Il protagonista, l’ucraino Eduard Savenko, (sceglierà più avanti lo pseudonimo di Limonov) è al tempo stesso schifato da quella torbida e vacua esistenza ma anche attaccato ad essa come uno squallido rampicante che alligni su un muro scrostato, cresce da teppista in un povero quartiere di Charcov, sente salire dentro di sé un’irrefrenabile spinta a diventare «grande»: impulsi vitalistici che nell’Europa occidentale si conobbero durante e dopo la Prima guerra mondiale, il culto della guerra, il disprezzo della borghesia e del suo ordine costituito, la violenza. Era «ossessionato dal mito della virilità e il suo eroe era il Che», annota Luciana Castellina in un delizioso volumetto uscito da poco (Siberiana, Nottetempo), la decrizione di un lungo viaggio in treno da Mosca al Pacifico ai giorni nostri.

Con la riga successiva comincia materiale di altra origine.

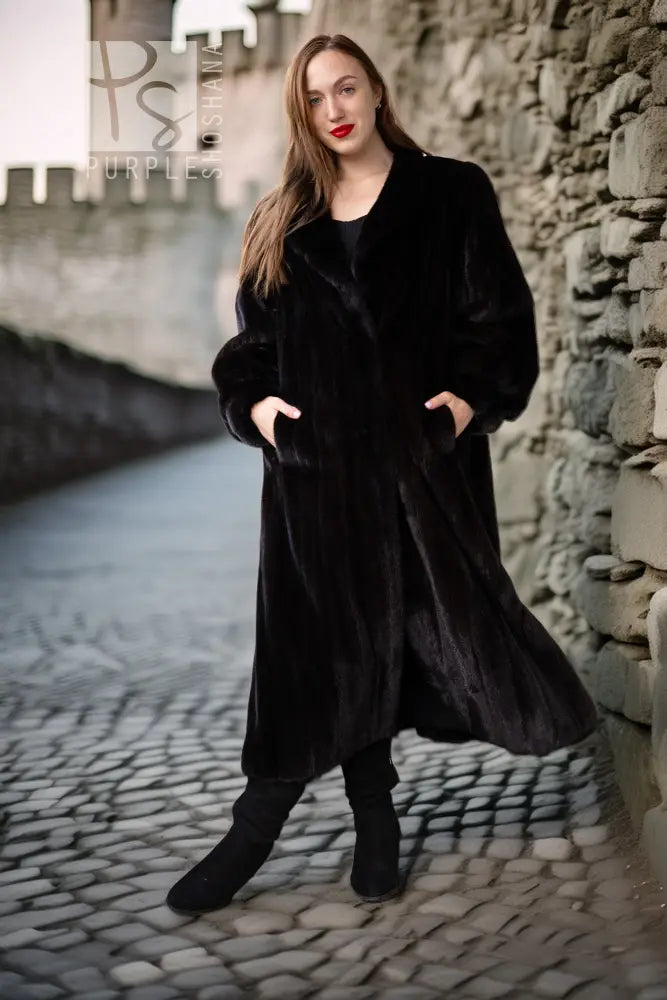 Black fur coat with button-front, long sleeves, mid-calf length, walking view.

Ma riprendiamo: ecco che Limonov coltiva la sua inclinazione artistica — non disgiunta da sentimenti ostili al genere umano — e finisce fra gli underground russi, poi emigra a New York, dove quelle pulsioni si mescolano a tentazioni di varia natura, ivi comprese la scoperta di esperienze sessuali le più diverse, sempre col dato costante della povertà, della frustrazione e della speculare ansia di incarnare il mito del superuomo. Conosce il successo a Parigi, bohémien di serie B ma pur sempre bohémien.
Ci sono varie storie, anche d’amore, sempre sull’orlo della follia, orlo che viene puntualmente valicato. È una parte forte del libro. Fra Manhattan e il Marais scrive, Limonov, e conosce gente, homeless neri, miliardari mezzi matti, punk emigrati russi, poetastri parigini.
E pensa, anzi, rimugina, si rode su quello che è e quello che potrebbe essere: diverso da tutti gli altri, più meritevole di gloria, più grande. Odia chi ha successo più di lui, fiuta le nefandezze di un’epoca di trapasso fra il vecchio mondo che muore e il nuovo che stenta a nascere, crede di scorgere il destino, suo e della Storia, nelle guerre civili della ex Jugoslavia — va volontario in Kraina, altrove: altri orrori — poi ancora nell’Urss morente e violenta e in quella lontanissima del deserto asiatico dove conosce una personale ascesi.
Qui la parentesi va aperta a favore di Carrère (di cui forse è criticabile l’eccessivo parlare di sé), che è un ottimo conoscitore delle vicende sovietico-russe (fra l’altro è figlio di una delle maggiori sovietologhe europee, Heléne Carrère d’Encausse), capace di far scorrere il nastro di quel lustro cruciale — dalla caduta del Muro alla presa del potere di Eltsin — in cui un Gorbaciov che qui diventa piccolo piccolo sorge e soprattutto cade davanti a un compito immane e anzi impossibile, realizzare la democrazia dentro un perimetro autoritario. Cadono con Gorby le speranze riformistiche, e perestroika e glasnost ci appaiono, a distanza di anni, parole morte, e soprattutto ci è più chiaro di come i russi odiassero tutto ciò che turbava il flusso lentissimo della propria millenaria vicenda.
Tornato in Russia, Limonov pensa che il grande momento di fare la Storia, cioè la storia russa, sia arrivato, il miraggio del Potere lo prende al cuore, fonda un inverosimile partito nazionalbolscevico che non ha fortuna e che forse da qualche parte esiste ancora... Sono gli anni di Eltsin, e poi di quel Putin («da giovane era un teppistello come lui»), autoritario come uno zar, cinico come Stalin: ed ecco Limonov mettersi contro Vladimir, finire accanto al gruppo (Altra Russia) dell’ex campione di scacchi e oppositore «liberale» Kasparov, un’altra avventura mancata, e poi il terribile esilio a cui è costretto, le fascinazioni mistiche, infine i nuovi gulag putiniani, il ritorno alla libertà, e con tutti gli onori. E chissà se Limonov non avrà ancora qualche pagina da scrivere. Probabilmente no: la storia abita altrove e il tempo non è dalla sua parte.